Supplied entries —
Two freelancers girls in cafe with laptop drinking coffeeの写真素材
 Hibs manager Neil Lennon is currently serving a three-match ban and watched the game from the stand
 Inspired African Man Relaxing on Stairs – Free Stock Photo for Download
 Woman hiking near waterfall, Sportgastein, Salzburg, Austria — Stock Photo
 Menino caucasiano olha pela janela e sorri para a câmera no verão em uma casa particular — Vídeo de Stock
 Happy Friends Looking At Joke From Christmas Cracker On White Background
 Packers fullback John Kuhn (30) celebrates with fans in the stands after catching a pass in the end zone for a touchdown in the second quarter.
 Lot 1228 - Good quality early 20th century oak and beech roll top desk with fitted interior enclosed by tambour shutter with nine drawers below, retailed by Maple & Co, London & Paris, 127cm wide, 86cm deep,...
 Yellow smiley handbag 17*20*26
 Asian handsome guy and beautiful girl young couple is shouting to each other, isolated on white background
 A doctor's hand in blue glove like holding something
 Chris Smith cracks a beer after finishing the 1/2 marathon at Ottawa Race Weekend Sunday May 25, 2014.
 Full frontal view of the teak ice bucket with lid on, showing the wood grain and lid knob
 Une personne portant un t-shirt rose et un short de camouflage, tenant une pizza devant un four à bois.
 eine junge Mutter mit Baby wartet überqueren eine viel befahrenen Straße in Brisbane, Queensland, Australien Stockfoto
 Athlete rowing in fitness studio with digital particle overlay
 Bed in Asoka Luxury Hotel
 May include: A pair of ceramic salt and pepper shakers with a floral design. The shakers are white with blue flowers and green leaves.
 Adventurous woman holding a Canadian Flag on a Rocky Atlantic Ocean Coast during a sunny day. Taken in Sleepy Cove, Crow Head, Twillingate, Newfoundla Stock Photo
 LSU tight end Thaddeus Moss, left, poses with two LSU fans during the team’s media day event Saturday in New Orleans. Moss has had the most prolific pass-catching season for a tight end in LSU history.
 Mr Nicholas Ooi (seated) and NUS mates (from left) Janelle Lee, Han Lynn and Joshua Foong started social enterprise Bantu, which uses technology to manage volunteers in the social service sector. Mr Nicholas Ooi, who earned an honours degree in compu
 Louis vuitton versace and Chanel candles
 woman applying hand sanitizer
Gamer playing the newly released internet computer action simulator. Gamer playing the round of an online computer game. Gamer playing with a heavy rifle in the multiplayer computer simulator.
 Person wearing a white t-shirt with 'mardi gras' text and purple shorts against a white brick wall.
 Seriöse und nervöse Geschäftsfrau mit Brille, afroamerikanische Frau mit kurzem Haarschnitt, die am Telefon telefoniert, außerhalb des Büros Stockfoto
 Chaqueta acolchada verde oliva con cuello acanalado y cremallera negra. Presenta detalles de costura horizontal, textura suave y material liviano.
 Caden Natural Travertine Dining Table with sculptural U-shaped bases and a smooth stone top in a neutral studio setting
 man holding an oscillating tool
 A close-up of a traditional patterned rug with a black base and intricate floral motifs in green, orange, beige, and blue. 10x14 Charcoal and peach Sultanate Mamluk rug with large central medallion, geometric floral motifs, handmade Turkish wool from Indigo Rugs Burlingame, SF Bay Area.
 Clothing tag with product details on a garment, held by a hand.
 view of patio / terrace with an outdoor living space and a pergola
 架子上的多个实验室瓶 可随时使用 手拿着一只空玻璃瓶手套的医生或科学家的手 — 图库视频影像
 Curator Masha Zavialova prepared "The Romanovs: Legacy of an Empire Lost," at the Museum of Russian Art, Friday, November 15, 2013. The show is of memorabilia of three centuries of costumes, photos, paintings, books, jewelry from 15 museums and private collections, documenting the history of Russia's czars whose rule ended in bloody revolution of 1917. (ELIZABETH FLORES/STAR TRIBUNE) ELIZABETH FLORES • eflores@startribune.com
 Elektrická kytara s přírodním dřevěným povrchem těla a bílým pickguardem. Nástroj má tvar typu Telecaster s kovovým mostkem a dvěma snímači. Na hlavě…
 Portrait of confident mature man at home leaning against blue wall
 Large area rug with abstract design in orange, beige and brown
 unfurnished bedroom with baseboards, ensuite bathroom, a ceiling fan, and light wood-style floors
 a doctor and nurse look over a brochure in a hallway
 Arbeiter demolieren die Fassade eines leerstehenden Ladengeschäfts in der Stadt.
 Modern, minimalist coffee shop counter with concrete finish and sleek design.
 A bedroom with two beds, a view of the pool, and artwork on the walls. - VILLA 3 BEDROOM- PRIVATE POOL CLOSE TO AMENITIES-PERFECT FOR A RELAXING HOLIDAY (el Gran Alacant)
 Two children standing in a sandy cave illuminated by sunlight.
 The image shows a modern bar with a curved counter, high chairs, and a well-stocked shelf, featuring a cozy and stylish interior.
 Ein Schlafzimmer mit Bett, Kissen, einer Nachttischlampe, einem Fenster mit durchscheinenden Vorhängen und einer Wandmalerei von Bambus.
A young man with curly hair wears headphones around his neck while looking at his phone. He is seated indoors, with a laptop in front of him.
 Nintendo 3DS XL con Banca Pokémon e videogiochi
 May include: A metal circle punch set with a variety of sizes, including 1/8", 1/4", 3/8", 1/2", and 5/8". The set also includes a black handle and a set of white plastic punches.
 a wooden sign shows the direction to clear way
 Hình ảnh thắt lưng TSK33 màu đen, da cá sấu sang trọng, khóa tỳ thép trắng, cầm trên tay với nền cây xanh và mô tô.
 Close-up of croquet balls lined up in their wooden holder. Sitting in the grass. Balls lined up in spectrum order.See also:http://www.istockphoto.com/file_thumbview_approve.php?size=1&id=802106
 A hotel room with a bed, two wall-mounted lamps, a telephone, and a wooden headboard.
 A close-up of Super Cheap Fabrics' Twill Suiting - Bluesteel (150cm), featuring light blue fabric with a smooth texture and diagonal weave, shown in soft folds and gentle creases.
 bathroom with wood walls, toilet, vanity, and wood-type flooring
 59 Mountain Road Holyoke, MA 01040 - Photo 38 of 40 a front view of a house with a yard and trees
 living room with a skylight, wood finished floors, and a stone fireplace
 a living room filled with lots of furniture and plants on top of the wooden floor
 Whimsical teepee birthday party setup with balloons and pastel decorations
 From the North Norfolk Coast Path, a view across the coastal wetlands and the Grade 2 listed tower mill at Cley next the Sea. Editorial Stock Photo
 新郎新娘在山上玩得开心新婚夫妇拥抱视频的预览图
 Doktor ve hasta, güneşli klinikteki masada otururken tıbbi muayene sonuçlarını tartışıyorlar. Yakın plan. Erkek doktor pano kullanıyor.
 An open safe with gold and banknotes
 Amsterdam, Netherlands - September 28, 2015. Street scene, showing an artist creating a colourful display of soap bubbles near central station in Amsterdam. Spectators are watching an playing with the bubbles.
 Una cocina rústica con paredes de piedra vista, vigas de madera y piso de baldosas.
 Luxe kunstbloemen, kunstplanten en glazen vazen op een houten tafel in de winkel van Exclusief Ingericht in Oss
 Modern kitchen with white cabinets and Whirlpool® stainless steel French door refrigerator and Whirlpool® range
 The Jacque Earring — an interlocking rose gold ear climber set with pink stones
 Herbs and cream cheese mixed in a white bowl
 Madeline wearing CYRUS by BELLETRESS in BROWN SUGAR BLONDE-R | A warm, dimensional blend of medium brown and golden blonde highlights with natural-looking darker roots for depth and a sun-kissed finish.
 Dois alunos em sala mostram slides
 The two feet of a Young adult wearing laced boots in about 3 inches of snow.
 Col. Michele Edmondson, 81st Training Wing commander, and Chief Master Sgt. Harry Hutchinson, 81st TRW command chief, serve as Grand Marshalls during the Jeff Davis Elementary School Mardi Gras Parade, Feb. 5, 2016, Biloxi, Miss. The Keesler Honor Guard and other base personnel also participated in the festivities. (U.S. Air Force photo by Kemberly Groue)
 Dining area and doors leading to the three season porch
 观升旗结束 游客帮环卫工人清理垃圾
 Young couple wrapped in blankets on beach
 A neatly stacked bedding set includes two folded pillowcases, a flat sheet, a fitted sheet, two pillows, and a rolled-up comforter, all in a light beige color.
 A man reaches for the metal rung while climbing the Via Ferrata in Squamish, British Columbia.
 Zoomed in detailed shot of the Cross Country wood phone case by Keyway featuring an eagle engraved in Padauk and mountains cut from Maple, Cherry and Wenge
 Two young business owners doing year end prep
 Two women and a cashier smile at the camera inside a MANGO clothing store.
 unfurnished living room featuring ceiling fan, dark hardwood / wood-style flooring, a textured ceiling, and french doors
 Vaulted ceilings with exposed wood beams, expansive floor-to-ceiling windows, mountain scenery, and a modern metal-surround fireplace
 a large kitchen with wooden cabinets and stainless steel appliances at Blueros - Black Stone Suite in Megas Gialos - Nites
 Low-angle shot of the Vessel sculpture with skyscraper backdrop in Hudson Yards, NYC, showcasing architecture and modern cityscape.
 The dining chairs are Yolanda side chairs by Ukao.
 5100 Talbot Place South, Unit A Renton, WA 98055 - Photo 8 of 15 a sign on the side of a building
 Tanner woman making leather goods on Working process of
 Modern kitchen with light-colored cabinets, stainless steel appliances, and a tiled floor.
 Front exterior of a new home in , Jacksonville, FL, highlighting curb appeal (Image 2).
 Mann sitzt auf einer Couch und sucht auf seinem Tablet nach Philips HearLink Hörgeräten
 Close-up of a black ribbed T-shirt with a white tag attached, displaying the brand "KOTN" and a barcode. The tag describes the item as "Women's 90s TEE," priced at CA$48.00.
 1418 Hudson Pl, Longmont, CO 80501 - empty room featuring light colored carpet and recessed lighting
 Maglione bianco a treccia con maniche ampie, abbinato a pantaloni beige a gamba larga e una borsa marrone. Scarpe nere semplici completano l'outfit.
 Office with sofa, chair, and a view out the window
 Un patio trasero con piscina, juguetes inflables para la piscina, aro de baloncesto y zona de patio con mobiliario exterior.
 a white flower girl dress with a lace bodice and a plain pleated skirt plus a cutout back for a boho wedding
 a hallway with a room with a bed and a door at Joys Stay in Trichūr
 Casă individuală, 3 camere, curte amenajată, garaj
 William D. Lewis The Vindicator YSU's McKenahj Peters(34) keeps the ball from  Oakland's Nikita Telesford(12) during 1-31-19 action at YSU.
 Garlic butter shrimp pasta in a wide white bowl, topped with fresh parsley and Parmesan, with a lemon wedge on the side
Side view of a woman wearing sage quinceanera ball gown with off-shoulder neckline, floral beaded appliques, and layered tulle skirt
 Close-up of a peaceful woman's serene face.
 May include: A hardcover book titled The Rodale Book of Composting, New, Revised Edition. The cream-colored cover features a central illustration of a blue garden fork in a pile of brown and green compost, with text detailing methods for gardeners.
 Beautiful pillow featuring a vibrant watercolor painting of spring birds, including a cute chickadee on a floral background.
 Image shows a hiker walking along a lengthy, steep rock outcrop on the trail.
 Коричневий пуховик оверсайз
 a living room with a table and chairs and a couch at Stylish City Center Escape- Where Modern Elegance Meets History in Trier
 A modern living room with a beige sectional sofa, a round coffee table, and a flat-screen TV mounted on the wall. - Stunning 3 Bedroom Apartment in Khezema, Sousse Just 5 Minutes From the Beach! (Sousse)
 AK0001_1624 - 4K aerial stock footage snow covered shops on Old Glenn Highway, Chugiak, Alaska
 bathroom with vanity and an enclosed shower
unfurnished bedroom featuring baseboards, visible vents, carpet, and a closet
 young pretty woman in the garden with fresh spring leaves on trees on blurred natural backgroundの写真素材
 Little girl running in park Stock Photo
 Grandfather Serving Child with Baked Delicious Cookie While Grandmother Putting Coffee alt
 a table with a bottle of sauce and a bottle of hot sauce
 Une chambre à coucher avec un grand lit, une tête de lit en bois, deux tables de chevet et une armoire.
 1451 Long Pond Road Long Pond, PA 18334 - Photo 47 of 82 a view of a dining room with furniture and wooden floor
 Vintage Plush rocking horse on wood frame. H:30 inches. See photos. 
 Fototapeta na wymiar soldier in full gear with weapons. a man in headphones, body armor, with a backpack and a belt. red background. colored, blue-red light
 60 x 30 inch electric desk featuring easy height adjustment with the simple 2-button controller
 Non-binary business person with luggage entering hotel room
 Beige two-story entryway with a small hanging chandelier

Exercise requirements — Using the entries above, quote each line verbatim from the first through the line that contains "Woman hiking near".

Response box —
Two freelancers girls in cafe with laptop drinking coffeeの写真素材
 Hibs manager Neil Lennon is currently serving a three-match ban and watched the game from the stand
 Inspired African Man Relaxing on Stairs – Free Stock Photo for Download
 Woman hiking near waterfall, Sportgastein, Salzburg, Austria — Stock Photo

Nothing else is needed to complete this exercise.